Regarding depth of field, tim60 really said it all, and you sound like you know that greater f-stop values (smaller apertures) gives you more depth of field. Of course it's true that shallow depth of field can be very pretty, but sometimes you just WANT the whole range in focus, and the right way to go about it is exactly as you say: Highest f-value and a tripod to compensate for the slower shutter speed.

To offer a totally non-technical point of view, if you want a person in the foreground and a landscape behind the person to both be in focus, picking your 50mm and stepping back will give you better results than picking your 28mm and stepping closer. If you have something even longer than 50mm, you can benefit from using this and stepping a bit further away.
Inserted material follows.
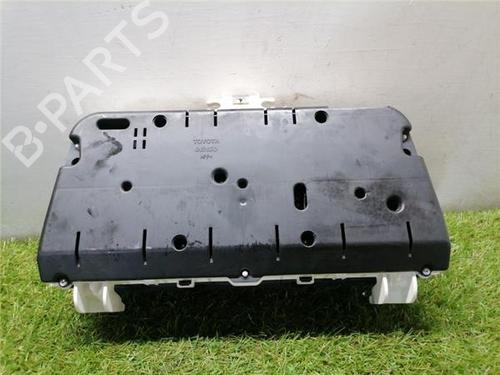 Used Instrument cluster Instrument cluster TOYOTA COROLLA Verso (ZER_, ZZE12_, R1_) 2.2 D-4D (AUR10_, AUR10R) (177 hp) 35747268 35747268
Also, in this example, be sure to focus on the person, not the landscape: You get a greater range in focus _behind_ your focus plane than in front of it.

So, if you pick your longest lens, pick the highest f-value, use a tripod and focus on the front object that you want to be in focus, you have done your best. Of course, if your shutter time is slow, the tripod will only keep your camera still and not your motive, so if there is a person in the picture you need to get them to stand still!

Your old point-and-shoot only had very small apertures available, so shallow depth of field was not an option - and therefore not something you had to think about. Now you get the choice of a wide or shallow DOF, so now you need to choose!

As for the dark foreground - bright background problem, you are actually BETTER off than with your point-and-shoot camera, because a dSLR is capable of capturing a greater range of shades between completely black and completely white. You just need to make sure that your metering (light measurement) is set to prioritise the area with your focus point, and again focus on the person in the foreground. If you experience worse results than you did with your p-and-s, then it's probably because that one automatically set the metering at the focus point, whereas now you need to TELL your camera that you do not want the exposure set for the whole scene. Once you set the exposure for the person in the foreground, you will see that the background gets more colour details and less pure white (burned out) areas than a shot from your p-and-s.

If you used fill-in flash with your p-and-s you can do this now also, but you should definitely be better off in this area now that you have a dSLR.

All in all, the problems come from having a wider range of choices, and once you get used to it, this also means more fun!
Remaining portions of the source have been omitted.